それから幾年かが過ぎた。HIPHOPは我が家にすっかり馴染んでいた。日々のやり取りにパンチラインを入れ込むことも日常であった。

以前記事にしたように、妻は二月に首都圏にてイベントに挑んだ。最中、妻は適宜状況を報告してくれていた。

「新宿に着いた! 人が多い!」

「渋谷に来ました! おしゃれ!」

「反対方向に乗って横浜についてしまった……」

らしんばん最高! 池袋です」

今思えばこの時察してしかるべきだったのかも知れないが、筆者はただ妻が人ごみに流されて変わってゆかないように遠くから見守るしか出来なかったのである。

実際には、それすら出来ていなかったのであるが――

無事に帰鹿し、妻を空港で出迎えた。待ちかねたような顔。「早く車に行こう!」我が家を恋しく思ってくれる妻を嬉しく思いながら愛車に乗り込むと妻はリュックからごそごそとCDを取り出した。

(写真は後日撮影したものです)

筆者「ゲェーーッ これは!」

妻「私は妻……いえ、シンジュクの女……独歩ちゃんの庇護者……」

信じて送り出した妻はシンジュクの女になって帰ってきたのである。ついでに各ディヴィジョンの聖地巡礼も済ませていたのである。恐ろしい子……!

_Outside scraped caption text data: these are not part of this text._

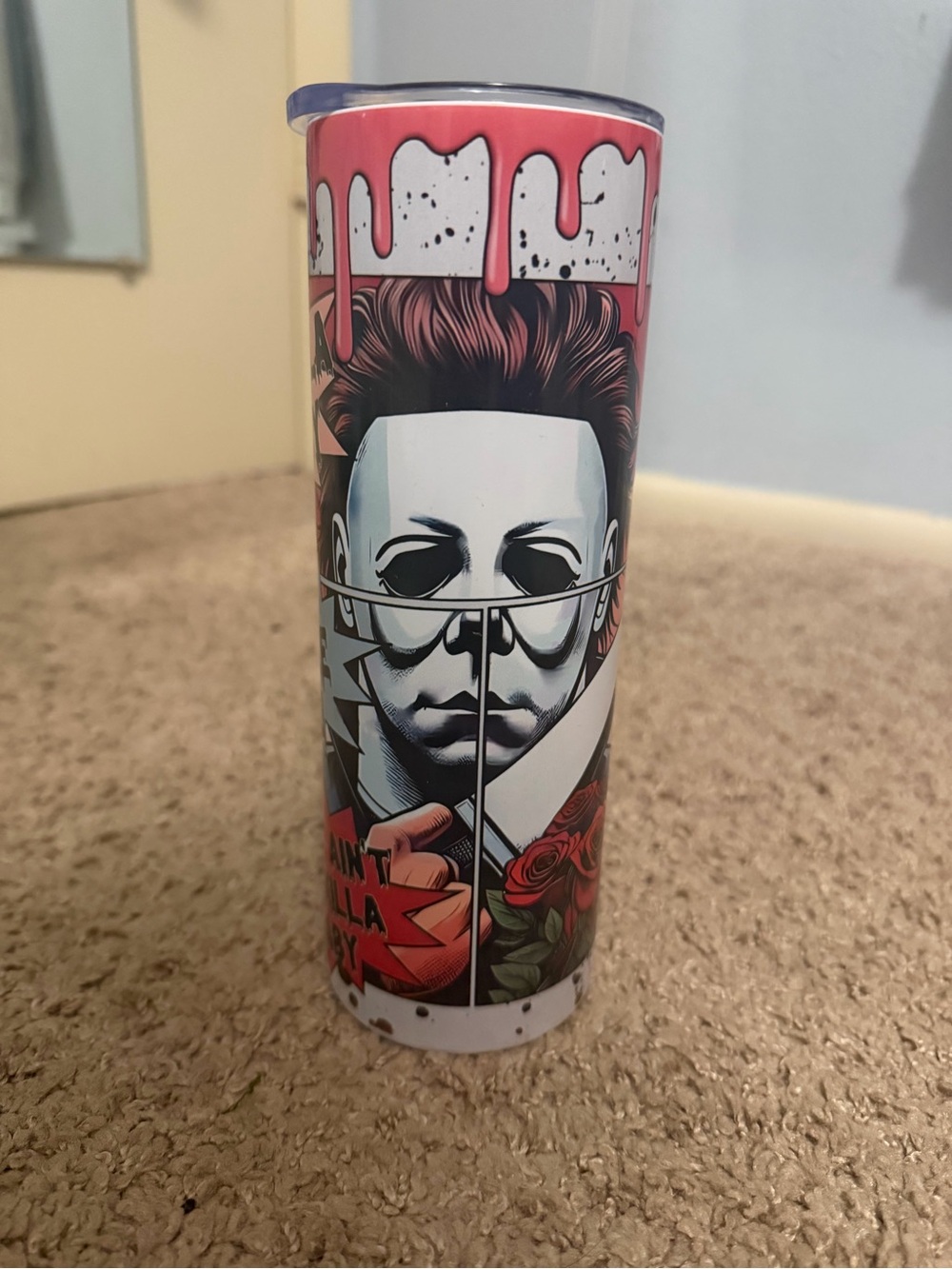 Horror Graphic Stainless Steel Tumbler - Pink, White, Black- Michael Myers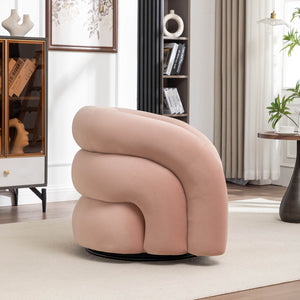 SEYNAR Modern Glam Velvet 360 Degree Swivel Accent Armchair with Tufted Back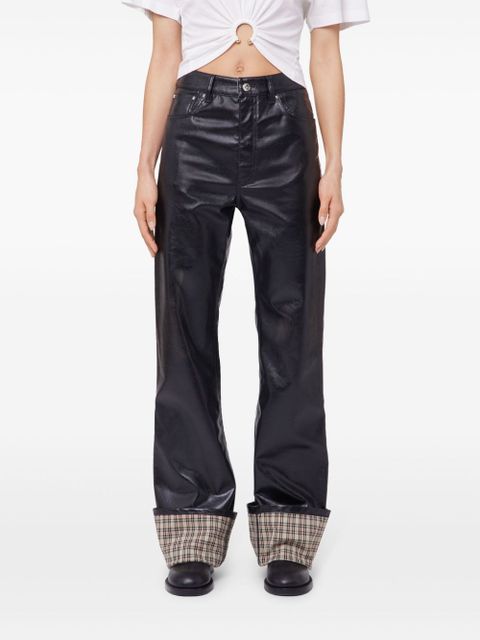 Rabanne faux-leather flared trousers - Black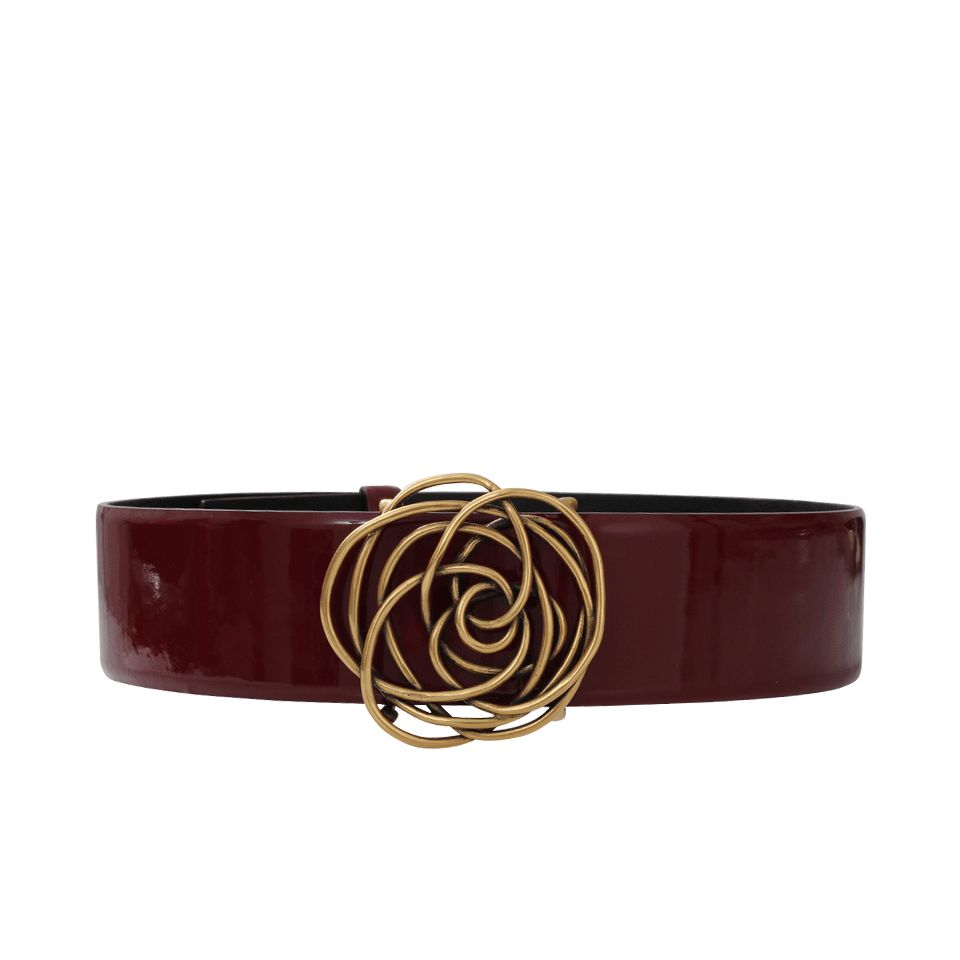 OSCAR DE LA RENTA-Gold Flower Wide Belt-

妻「フォロワさんたちが勧めてくれていたから興味はあったんだけど足踏みしていて……でも新宿サラリマンが物を落としてそれを拾ったら『こんな人のような扱い……久しぶりに受けました……』みたいな顔をされて……その時ああ、サラリマンを応援しようと思ったの」

筆者「なるほど……取りあえず聞いてみましょう」

掌に数千曲が入るようになった世の中で、かえってCDを回転させる機会も機械も日常から減っていった。それは誰にとっても、妻にとっても。東京での色々は今、カーステレオにてヒプノシスマイクのCDを流すことで完結を迎えようとしているのだ。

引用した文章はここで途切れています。